# Question



## PBN (Aug 1, 2009)

Okay, lets say these 2 dogs produced some pups.

Sire:









Dam:









Does this mean their pups will get like them? That wide? Or is there something you can do to make them like 1503 Henry's dog Killer? Like exercise or something?


----------



## BLUE PIT BULL MAN (May 22, 2009)

you can make your dog thinner and more defined but it will be geneticly the same.


----------



## Indigo Bully Connection (Dec 21, 2006)

good post Blue


----------



## BLUE PIT BULL MAN (May 22, 2009)

Thank you!


----------



## PBN (Aug 1, 2009)

Genetically I understand, but that doesn't mean physically right?


----------



## BLUE PIT BULL MAN (May 22, 2009)

genetics have alot to do with physical appearance just keep your dog in shape and you should have a good looking bully.i think genetics has everthing to do with it but you can give your dog a push in the right direction. don't let it get all fat and lazy.


----------



## PBN (Aug 1, 2009)

Ty.
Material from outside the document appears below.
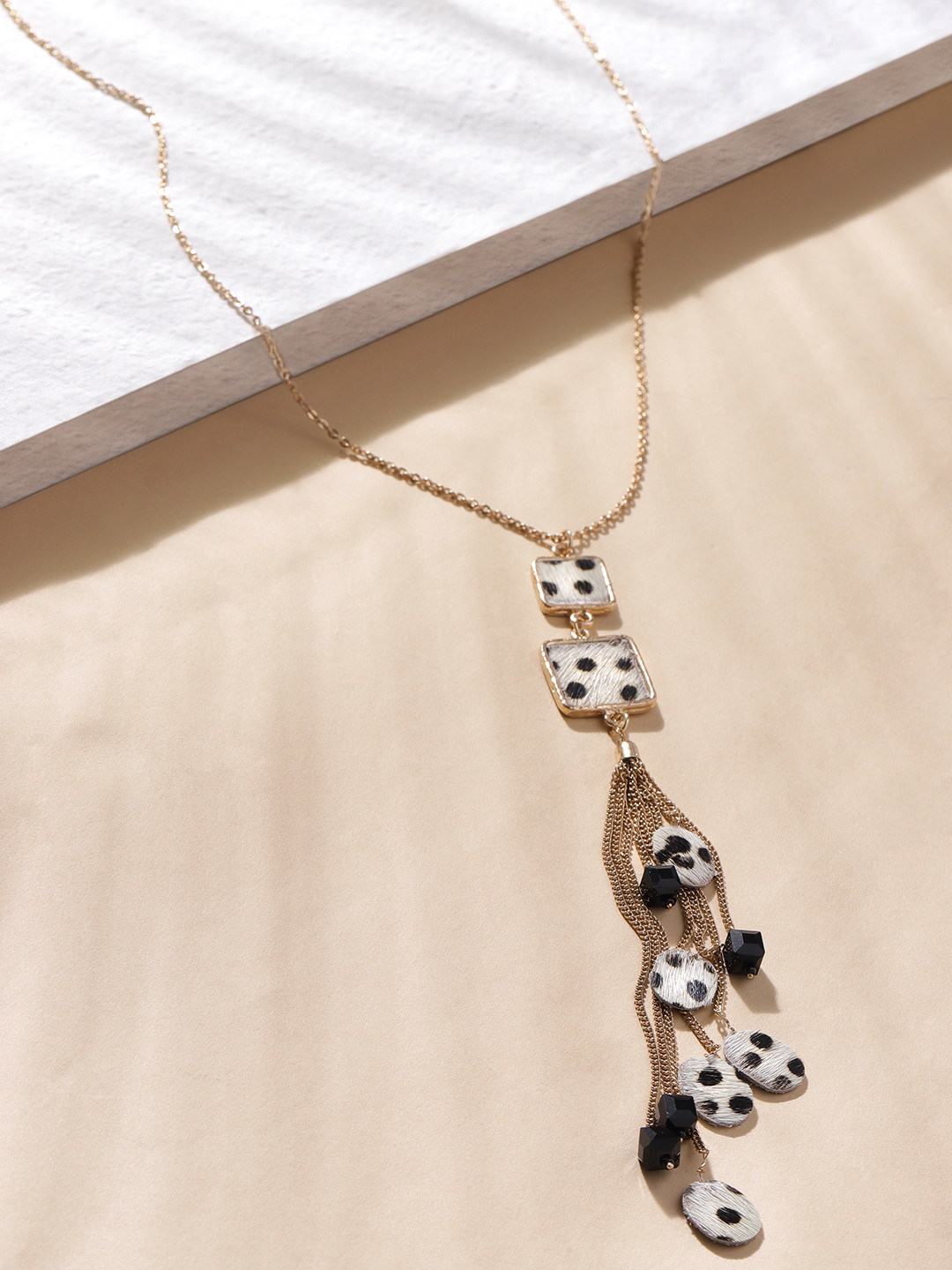 DEEBACO Rose Gold & Beige Leather Geometrical Neckpiece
Because when I get a bully in the future, I want an RE bull that is clean and cut.


----------



## BLUE PIT BULL MAN (May 22, 2009)

work em. .


----------



## PBN (Aug 1, 2009)

Yeah, pretty much. I'ma ask 1503 Henry how he works his bulls.


----------



## BLUE PIT BULL MAN (May 22, 2009)

good idea he has it down!


----------



## American_Pit13 (Apr 23, 2007)

No you couldn't get a pup from those two looking like 1503 dogs. You could get it conditioned and in better shape than those dogs, but 1503 dogs are not just in good shape , but bred with better proportions and builds to begin with.


----------



## PBN (Aug 1, 2009)

Might as well try to buy one from Henry. loool


----------



## reddoggy (Jan 31, 2008)

I recognize that hand and the baggy pants.... Is that top one a mikeland dog? I have a bunch of pix of his dogs and they all have the same background.


----------



## PBN (Aug 1, 2009)

I forgot where I got the pics from. lool


----------



## AlabamaPits (Sep 20, 2009)

*IMO WORKING A DOG OUT HAS ALOT 2 DO WITH THE FATNESS!*


----------



## Bully_Boy_Joe (Jul 7, 2008)

BLUE PIT BULL MAN said:


> you can make your dog thinner and more defined but it will be geneticly the same.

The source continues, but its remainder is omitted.